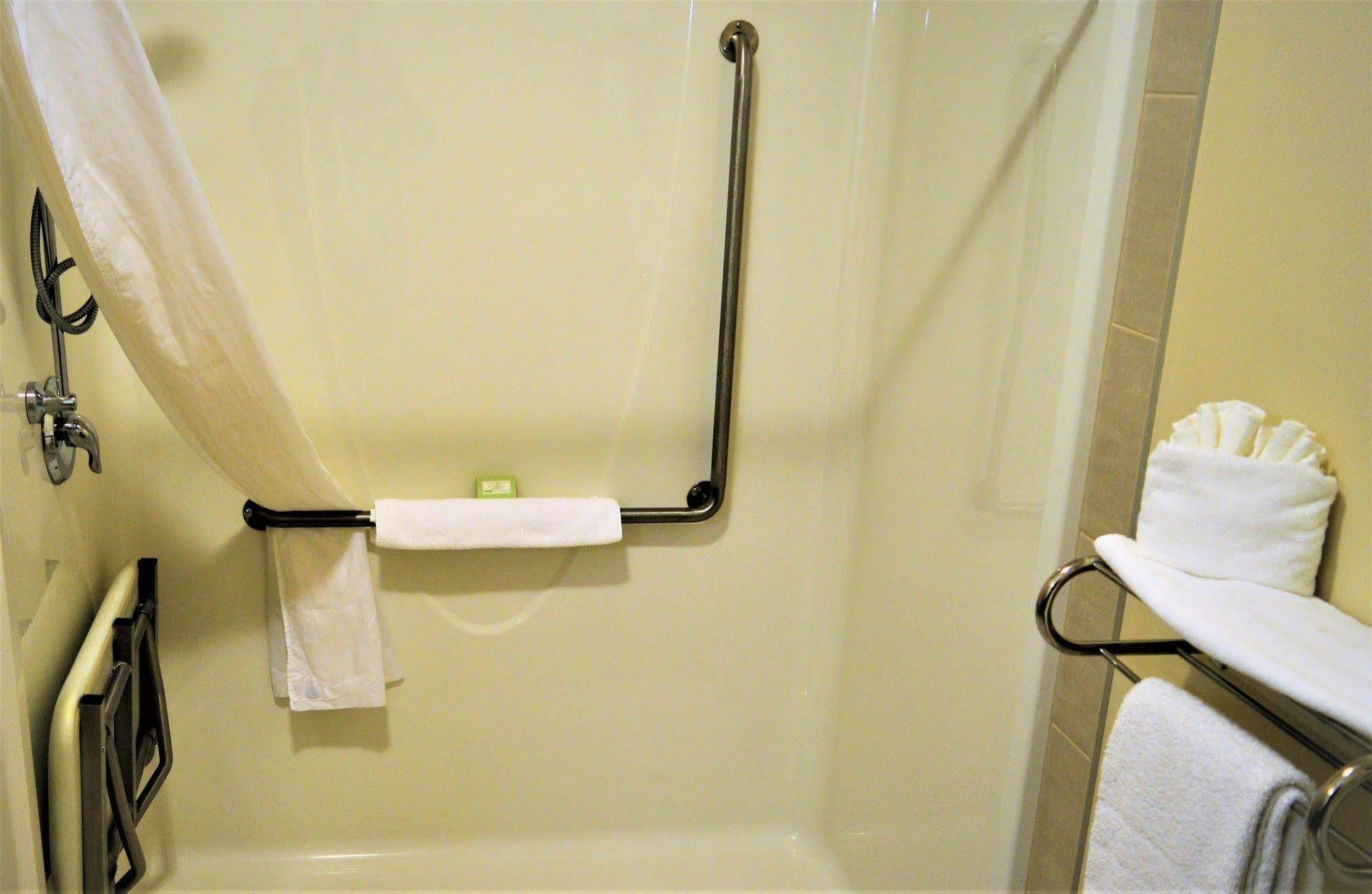 Sigma Inn & Suites Hudson'S Hope Hudson Hope Dış mekan fotoğraf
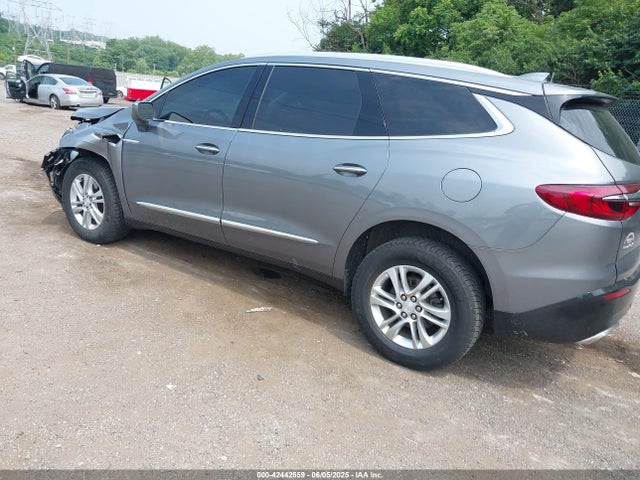 5GAEVAKW8JJ212706 Buick Enclave Essence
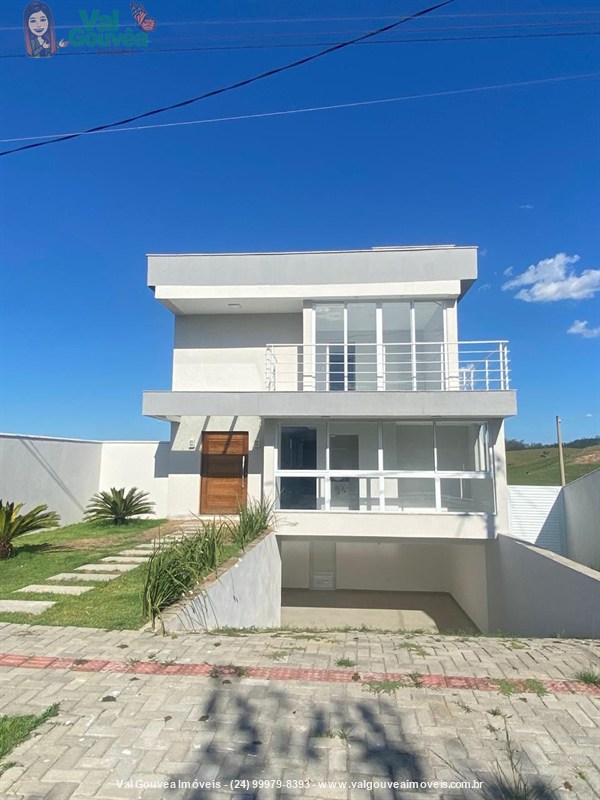 Casa em condomínio a Venda no Alphaville em Resende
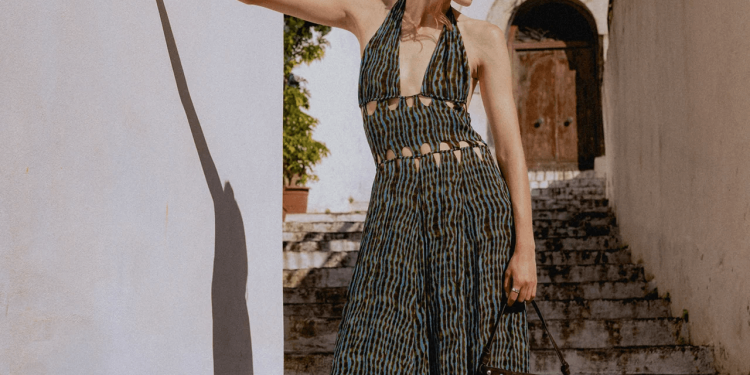 32 Colorful Beach Wedding Guest Dresses to Wear to Seaside Ceremonies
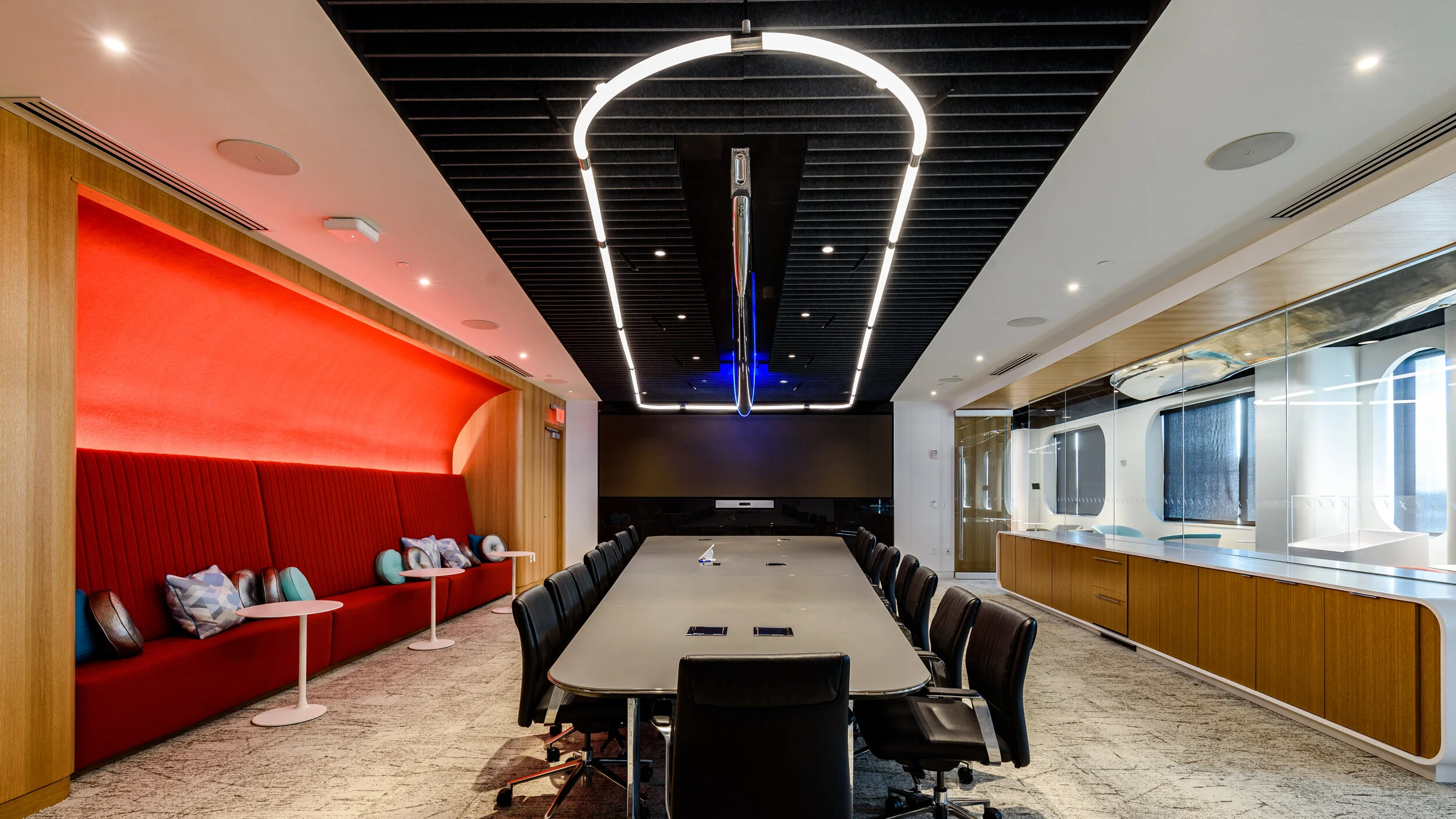 Boeing Conference Room 2019137.jpg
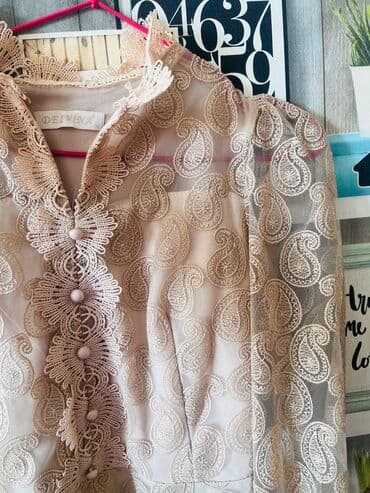 ziyafət donu: 1 dəfə geyinilib. Dizdən biraz aşağıda qalır (boy: 1,60 — 2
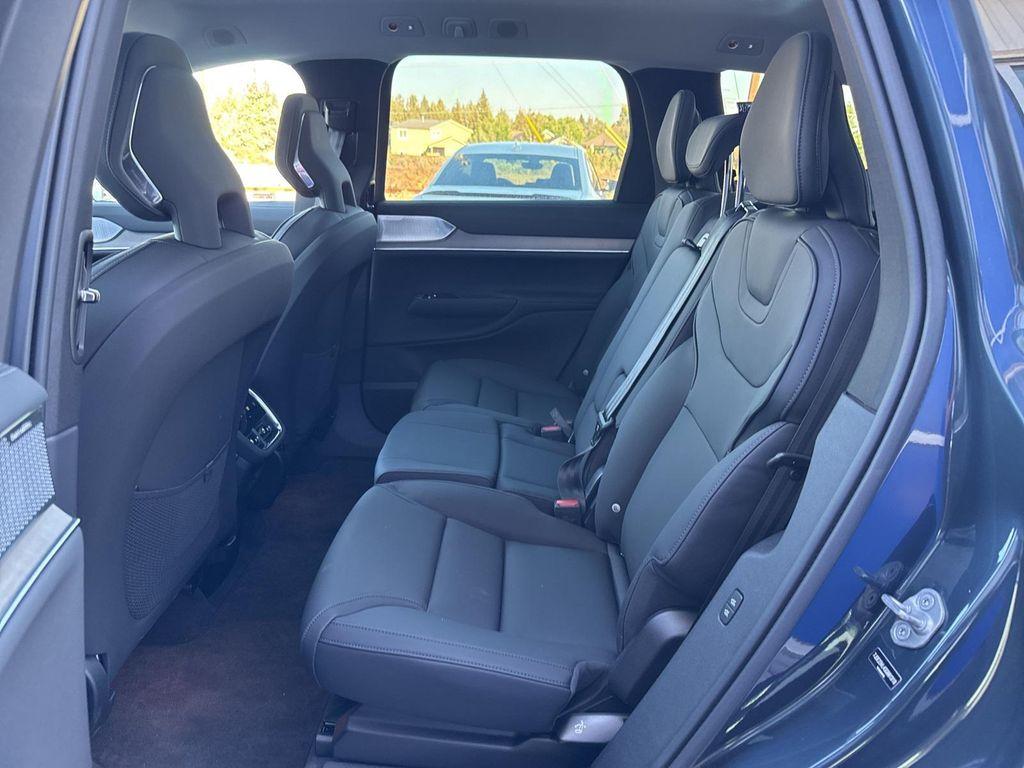 new 2025 Volvo EX90 car, priced at $91,367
□ □ □ □
Instructions for the task → Output everything in the material exactly. Pictures stay out of it.

Output for this exercise →
 Sigma Inn & Suites Hudson'S Hope Hudson Hope Dış mekan fotoğraf
 5GAEVAKW8JJ212706 Buick Enclave Essence
 Casa em condomínio a Venda no Alphaville em Resende
 32 Colorful Beach Wedding Guest Dresses to Wear to Seaside Ceremonies
 Boeing Conference Room 2019137.jpg
 ziyafət donu: 1 dəfə geyinilib. Dizdən biraz aşağıda qalır (boy: 1,60 — 2
 new 2025 Volvo EX90 car, priced at $91,367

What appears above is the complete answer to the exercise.